DigitalPhonetics / IMS-Toucan

Controllable and fast Text-to-Speech for over 7000 languages!
Apache License 2.0
1.47k stars 166 forks source link

Add stereo conversion to mono in UtteranceCloner and a generalized text to file reader with a personalized name according to model_id #190

Closed AlexSteveChungAlvarez closed 2 months ago

AlexSteveChungAlvarez commented 2 months ago

An error appeared when entering a stereo audio in run_prosody_override which was raised from the UtteranceCloner when using silerovad. Commit 2f8ea93 fixes the error and the code is exactly the one used to fix this issue in the run_text_to_file_reader.

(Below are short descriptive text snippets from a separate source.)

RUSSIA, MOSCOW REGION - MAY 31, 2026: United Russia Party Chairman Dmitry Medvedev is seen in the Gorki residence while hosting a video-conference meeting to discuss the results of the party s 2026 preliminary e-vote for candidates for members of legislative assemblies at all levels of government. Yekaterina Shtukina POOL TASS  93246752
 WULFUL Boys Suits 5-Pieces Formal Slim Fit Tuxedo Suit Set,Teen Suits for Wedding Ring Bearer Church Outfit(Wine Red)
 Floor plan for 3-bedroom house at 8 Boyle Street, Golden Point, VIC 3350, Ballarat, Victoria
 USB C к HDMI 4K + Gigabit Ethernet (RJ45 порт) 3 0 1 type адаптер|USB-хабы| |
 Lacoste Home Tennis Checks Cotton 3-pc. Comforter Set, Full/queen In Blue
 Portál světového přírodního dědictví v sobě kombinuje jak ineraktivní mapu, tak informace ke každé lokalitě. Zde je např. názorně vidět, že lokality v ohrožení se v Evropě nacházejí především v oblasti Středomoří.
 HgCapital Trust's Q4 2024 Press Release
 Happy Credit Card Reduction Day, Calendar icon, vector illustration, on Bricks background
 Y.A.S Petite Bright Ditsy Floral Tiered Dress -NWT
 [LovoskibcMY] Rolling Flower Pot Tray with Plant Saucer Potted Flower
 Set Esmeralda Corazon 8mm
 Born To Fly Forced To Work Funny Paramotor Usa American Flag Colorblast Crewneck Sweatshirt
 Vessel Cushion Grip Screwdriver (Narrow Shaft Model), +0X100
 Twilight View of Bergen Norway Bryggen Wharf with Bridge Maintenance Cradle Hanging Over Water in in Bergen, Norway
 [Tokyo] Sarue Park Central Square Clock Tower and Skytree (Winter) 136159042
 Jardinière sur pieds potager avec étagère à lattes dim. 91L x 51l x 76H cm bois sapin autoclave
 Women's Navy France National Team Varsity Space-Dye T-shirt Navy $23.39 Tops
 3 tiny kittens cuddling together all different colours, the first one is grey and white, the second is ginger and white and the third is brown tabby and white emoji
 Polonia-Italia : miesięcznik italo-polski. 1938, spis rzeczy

In commit 9082cf5 I changed all the language test functions to one function called new_test, where I included a personalized name according to the model_id. This will help new users of the toolkit see their test files with their own model's name without having to create a new function for their model and target language.

AlexSteveChungAlvarez commented 2 months ago

@Flux9665 did you see the pull request?

Flux9665 commented 2 months ago

Hi, thanks for the fix! I am attending a conference right now and the hotel wifi is terrible, I will check everything next week when I get back.

Flux9665 commented 2 months ago

[accept] The fix in https://github.com/DigitalPhonetics/IMS-Toucan/commit/2f8ea9309cadb8535163a5e4dbaf97bfef2dfc23 is necessary, thank you for this!

[change required] The change of the file-reader demo in https://github.com/DigitalPhonetics/IMS-Toucan/commit/9082cf5bb0377c2f4d6c5a16c29d2ae35ff2c435 does however not fit well with the philosophy on redundancy of the toolkit and makes the code less readable. The model_id is already part of the arguments of the function, I would prefer it if we just put the model_id into the filename of the existing functions, rather than make a more abstract function.

AlexSteveChungAlvarez commented 2 months ago

@Flux9665 I did the change.